| ASSIGNMENT |
Pictures in the entries below are to be left out; otherwise, reproduce exactly the lines from the first through the line containing "David Roca, responsable".

(Entries taken from a collection)
================================
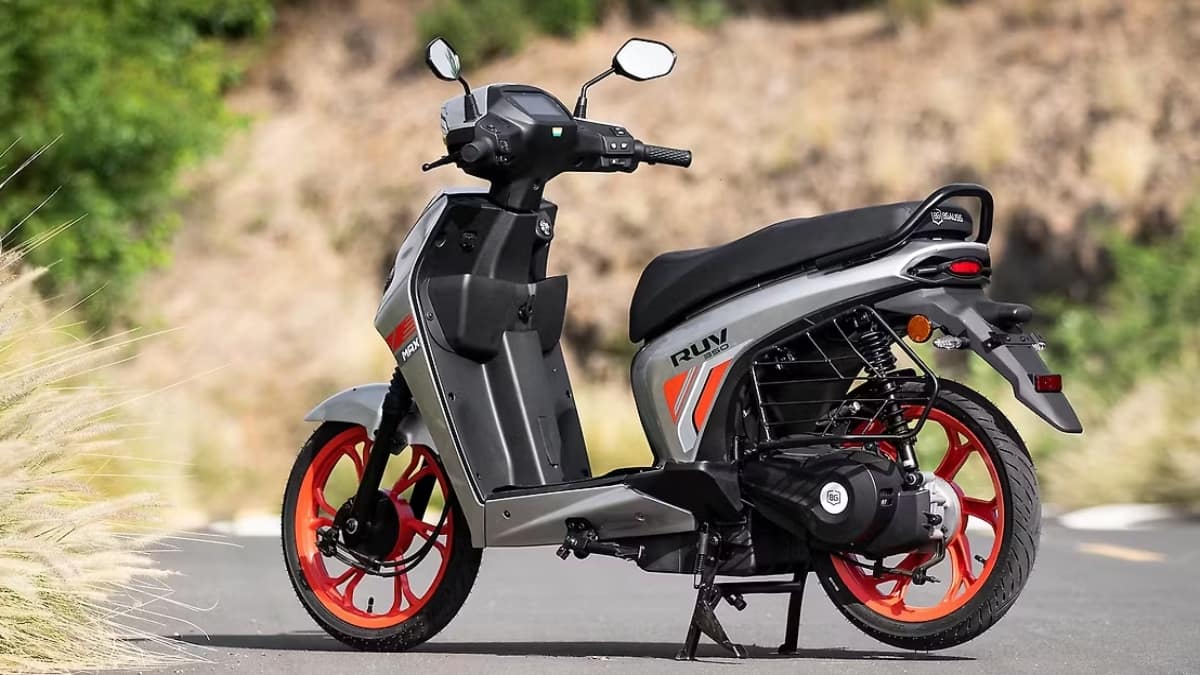 New Launched Scooters: சந்தைக்கு வரும் 3 புது ஸ்கூட்டர்கள்.. Suzuki முதல் BGauss வரை - விலையும், மைலேஜும் எப்படி?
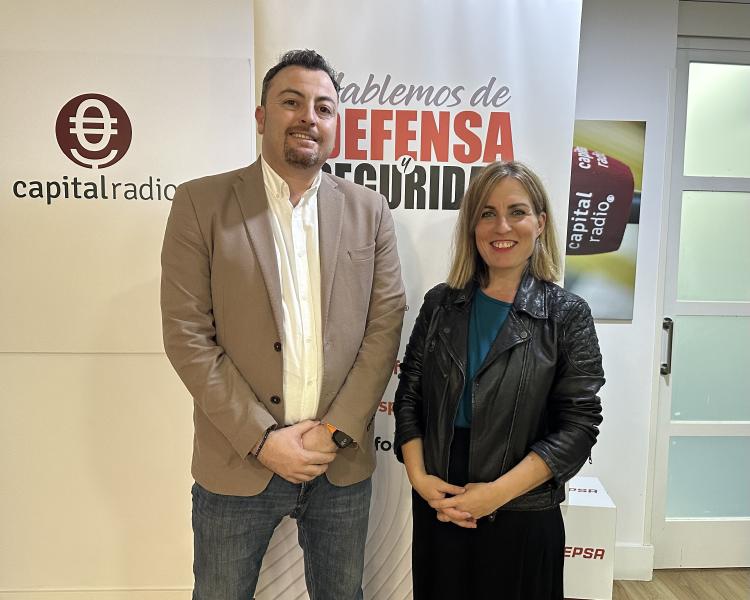 David Roca, responsable del proyecto del Gemelo Digital de la Planta de la Ría de Ferrol, de Navantia, con Laura Blanco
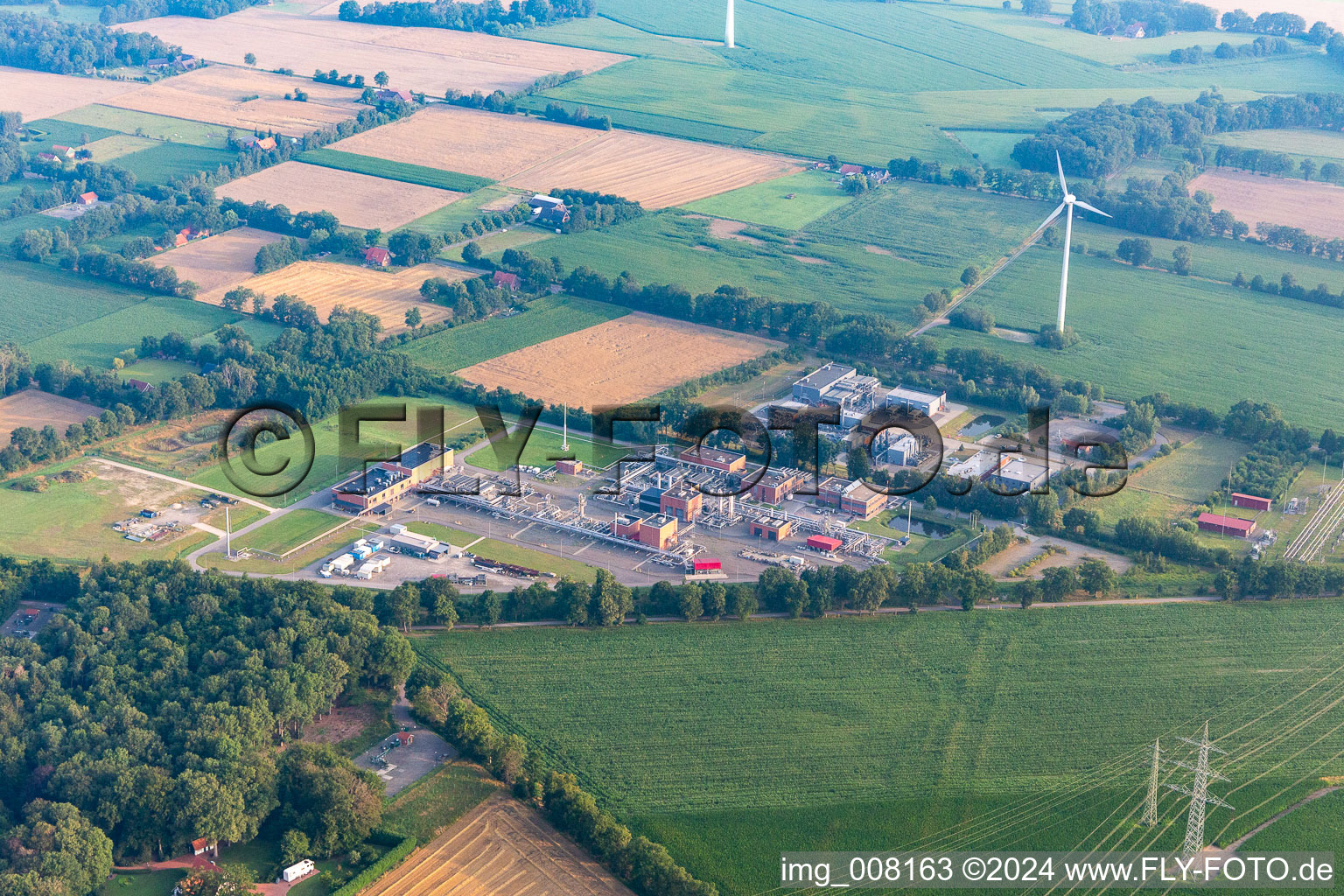 Vue aérienne de Installations du stockage souterrain de gaz naturel Epe-L de Nuon Epe Gasspeicher GmbH et RWE Gas Storage West GmbH à Epe à le quartier Kottigerhook in Gronau dans le département Rhénanie du Nord-Westphalie, Allemagne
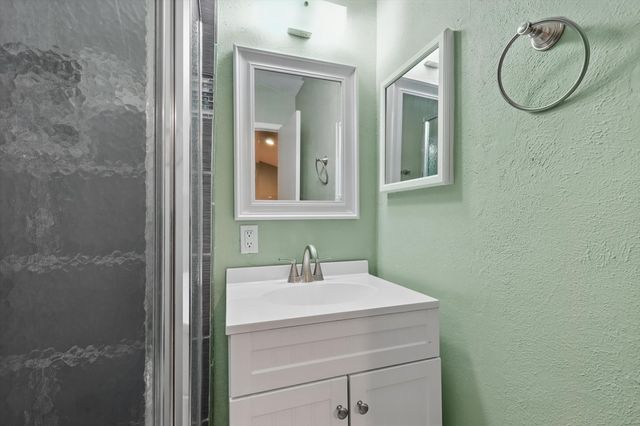 12824 Midway Road 2136, Dallas, TX 75244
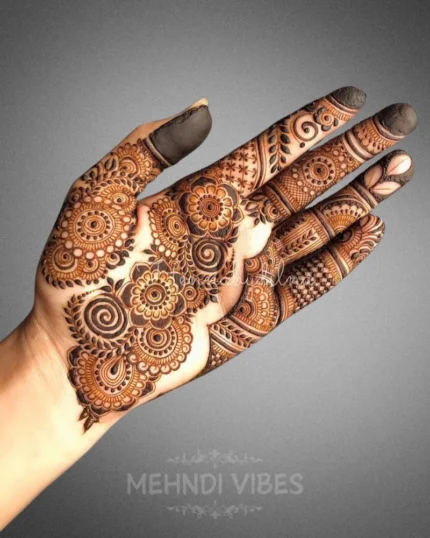 Radha Beautiful Mehndi Design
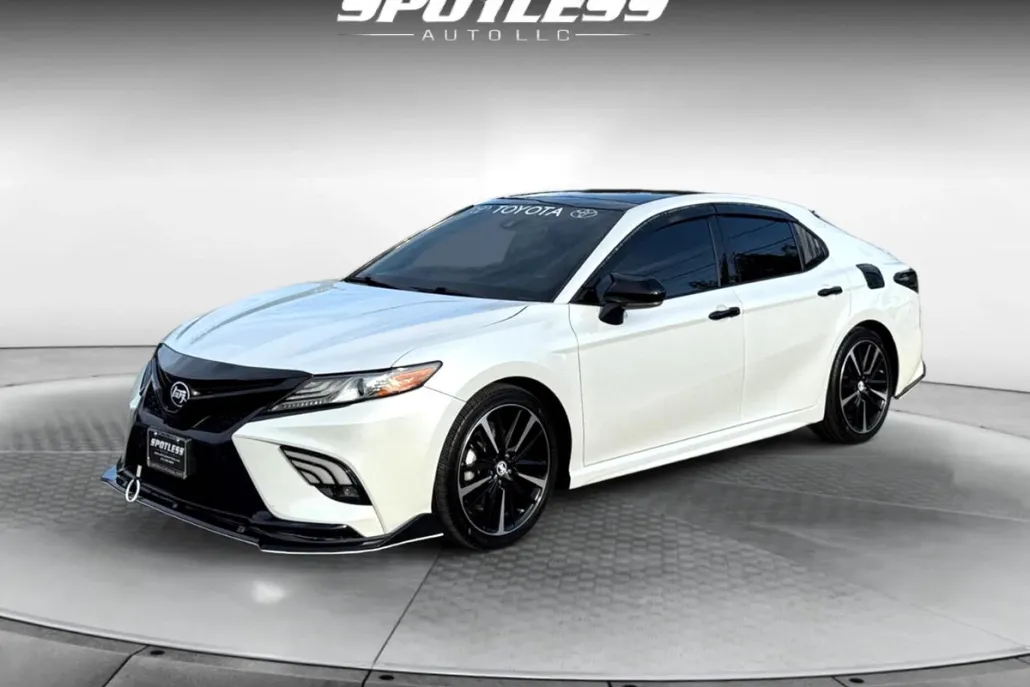 2019 Toyota Camry XSE photo 1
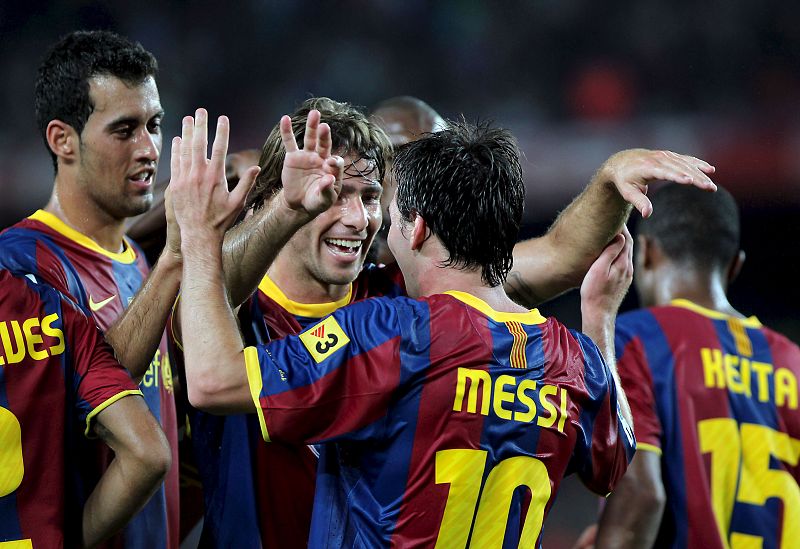 Los jugadores del Barça celebrando el tercer gol de Leo Messi.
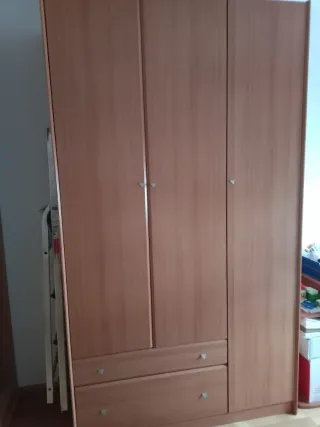 Armario de madera 3 puertas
================================
| REPLY TO THE TASK |
 New Launched Scooters: சந்தைக்கு வரும் 3 புது ஸ்கூட்டர்கள்.. Suzuki முதல் BGauss வரை - விலையும், மைலேஜும் எப்படி?
 David Roca, responsable del proyecto del Gemelo Digital de la Planta de la Ría de Ferrol, de Navantia, con Laura Blanco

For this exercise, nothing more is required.